Architecture Requirements Document (ARD)

Virtuozzo Environment Synchronization - Stale-While-Revalidate Requirements

Document Information

Field Details
Project Name MBPanel - Virtuozzo Environment Synchronization
Author System Architecture Team
Date Created 2026-01-09
Last Updated 2026-01-22
Version 2.0
Status Draft - Architecture Refresh
Related PRD PRD-virtuozzo-environment-sync.md
Related ADD ADD-virtuozzo-environment-sync.md
ARD Type Domain Feature

1. Introduction

1.1 Purpose

This document defines the architectural requirements for implementing Stale-While-Revalidate pattern for Virtuozzo environment synchronization. This is a distributed systems optimization problem involving caching strategies, consistency vs. availability trade-offs, event-driven queue processing, and scalable background workers.

The system prioritizes availability and user experience over strong consistency, serving cached data immediately while asynchronously refreshing in the background.
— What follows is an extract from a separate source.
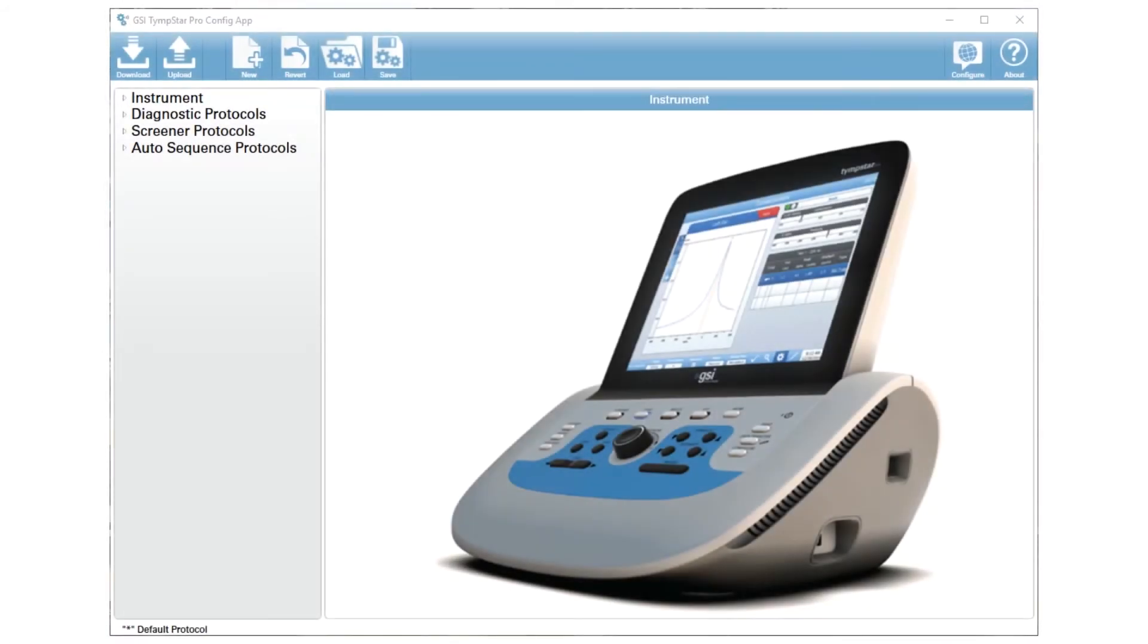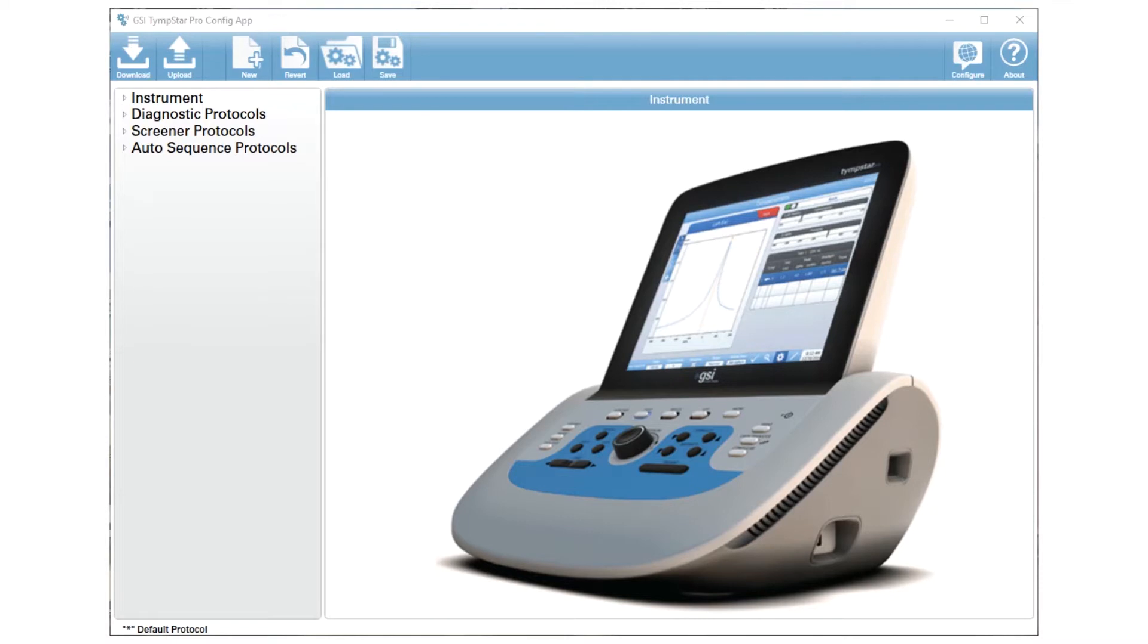One question that we get at Grayson Stadler is how do I change the start level of my reflexes, whether you're doing it manually or through the threshold seek. In order to change the start level of those reflexes, you will need to use your GSI TempStar Pro configuration application, a software program loaded on your PC.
1.2 Architectural Shift (v2.0)

Key Changes from v1.0:

Aspect v1.0 (Previous) v2.0 (Current)
Refresh Strategy Lazy sync + Celery cron Queue-based event-driven
User Blocking Could block on sync NEVER blocks (except first run)
Cache Storage Redis hot + PostgreSQL warm PostgreSQL only (simpler)
Scalability O(N) global cron iteration O(active users) queue processing
API Protection Distributed locking only Rate-limited worker pool
Data Integrity Direct overwrite Hash-based change detection

1.3 Core Principles

  1. Always Return Immediately: User requests NEVER wait for Virtuozzo API (except first run)
  2. Stale-While-Revalidate: Return stale data, refresh asynchronously
  3. Queue-Based Processing: Event-driven, not cron-based
  4. Active-User Priority: Only logged-in users trigger refresh
  5. Graceful Degradation: Serve stale with warning on errors
  6. Data Protection: Validate payload before DB write, never corrupt with error data

1.4 Scope

In Scope: - Stale-While-Revalidate pattern implementation - Queue-based background refresh (RabbitMQ/Redis) - Rate-limited worker pool for Virtuozzo API calls - PostgreSQL-only caching (survives restarts) - Hash-based change detection - Graceful error handling (preserve stale data) - Observability (metrics, logging, tracing)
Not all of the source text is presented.